_Entries provided_
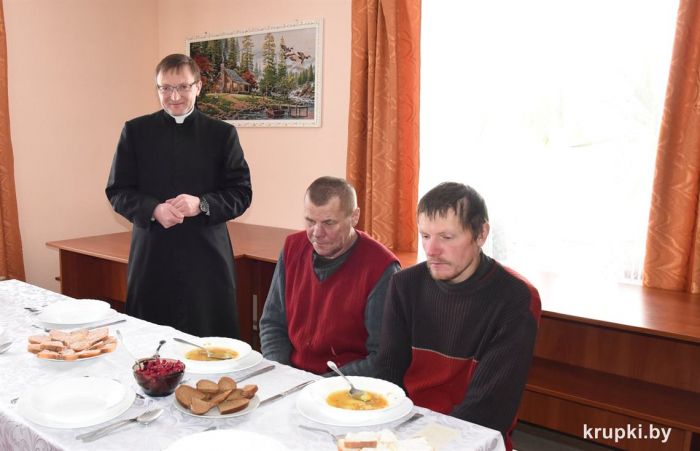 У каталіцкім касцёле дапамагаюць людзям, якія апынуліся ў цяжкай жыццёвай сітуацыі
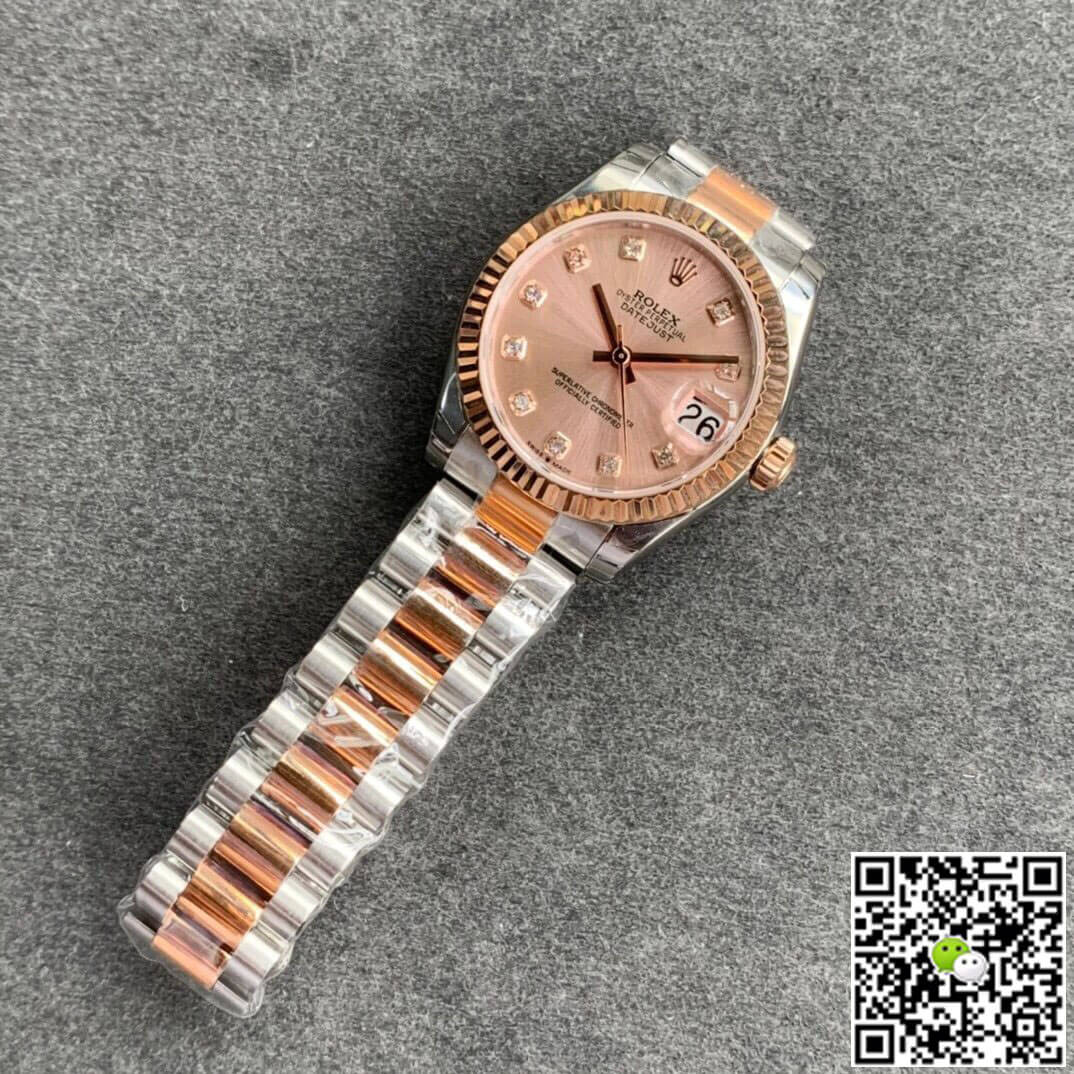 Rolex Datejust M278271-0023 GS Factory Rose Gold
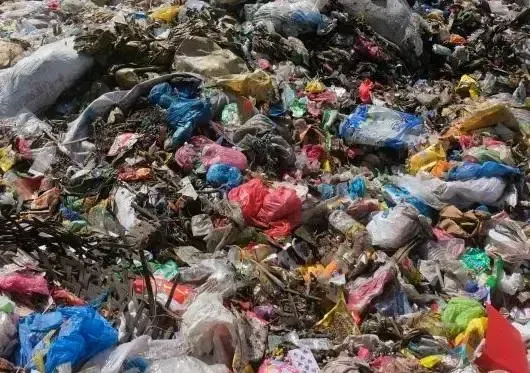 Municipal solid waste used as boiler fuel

* * *

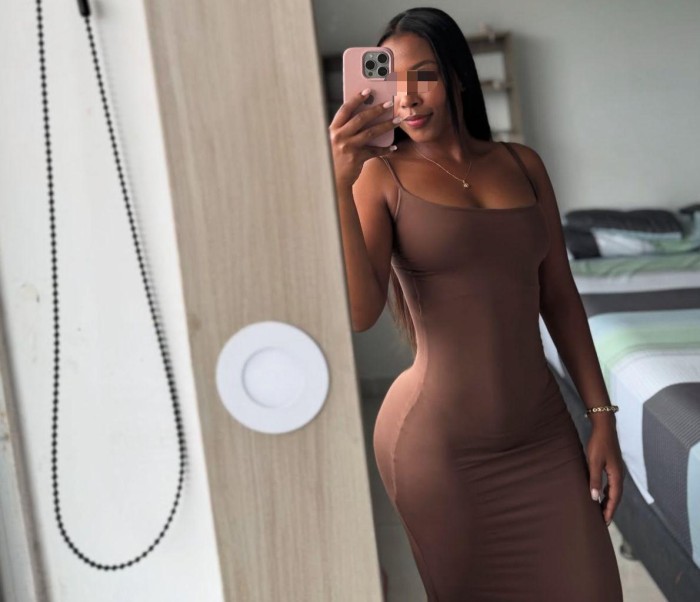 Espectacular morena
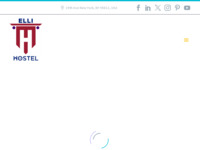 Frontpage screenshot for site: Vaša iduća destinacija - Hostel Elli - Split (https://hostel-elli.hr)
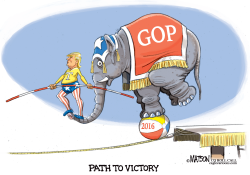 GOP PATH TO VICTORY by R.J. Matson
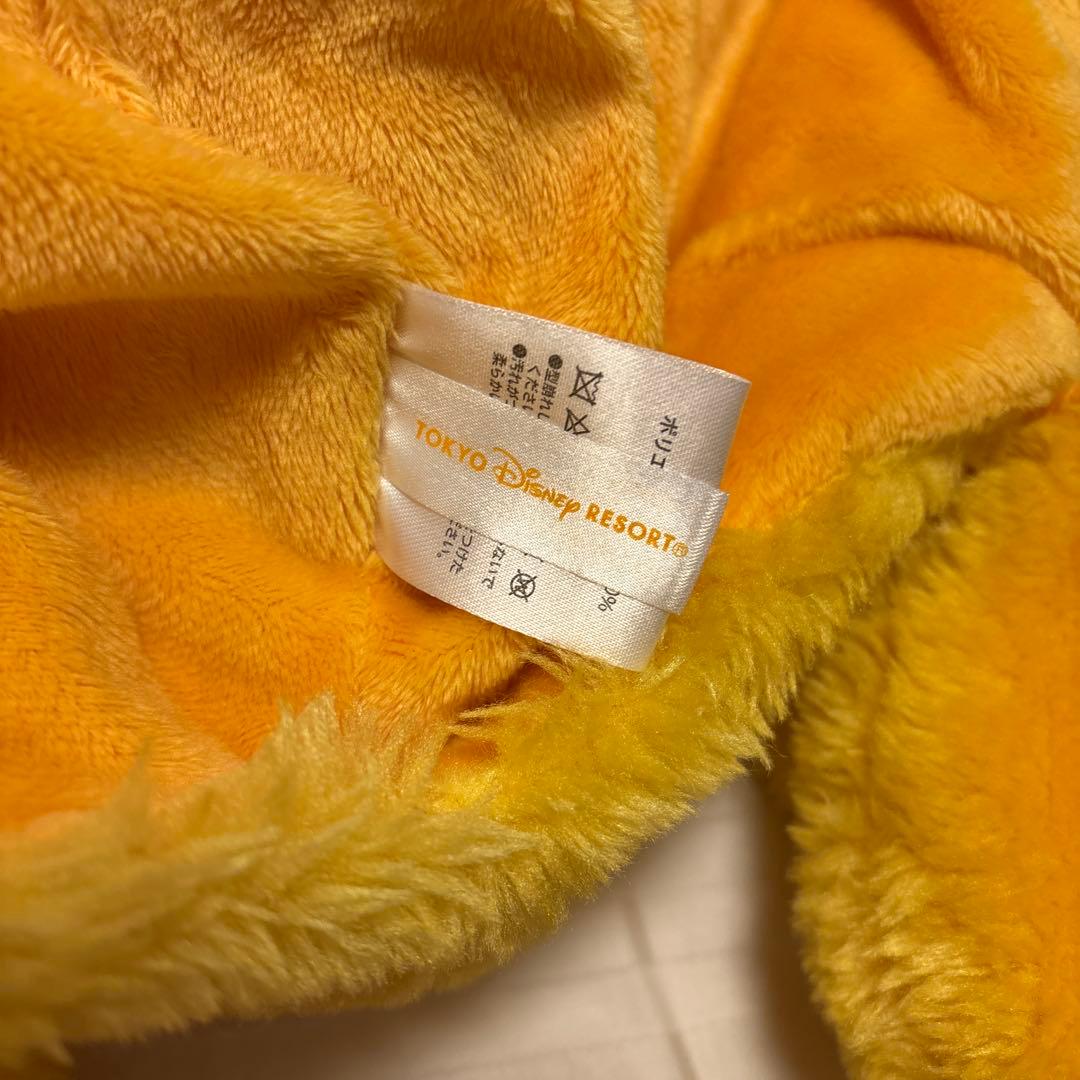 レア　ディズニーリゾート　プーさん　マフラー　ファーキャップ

_Directions for this task_
Nothing but the lines from the one containing "Espectacular morena" through the one containing "レア　ディズニーリゾート　プーさん　マフラー　ファーキャップ" should appear, copied exactly from the material above and without pictures.

_The answer_
 Espectacular morena
 Frontpage screenshot for site: Vaša iduća destinacija - Hostel Elli - Split (https://hostel-elli.hr)
 GOP PATH TO VICTORY by R.J. Matson
 レア　ディズニーリゾート　プーさん　マフラー　ファーキャップ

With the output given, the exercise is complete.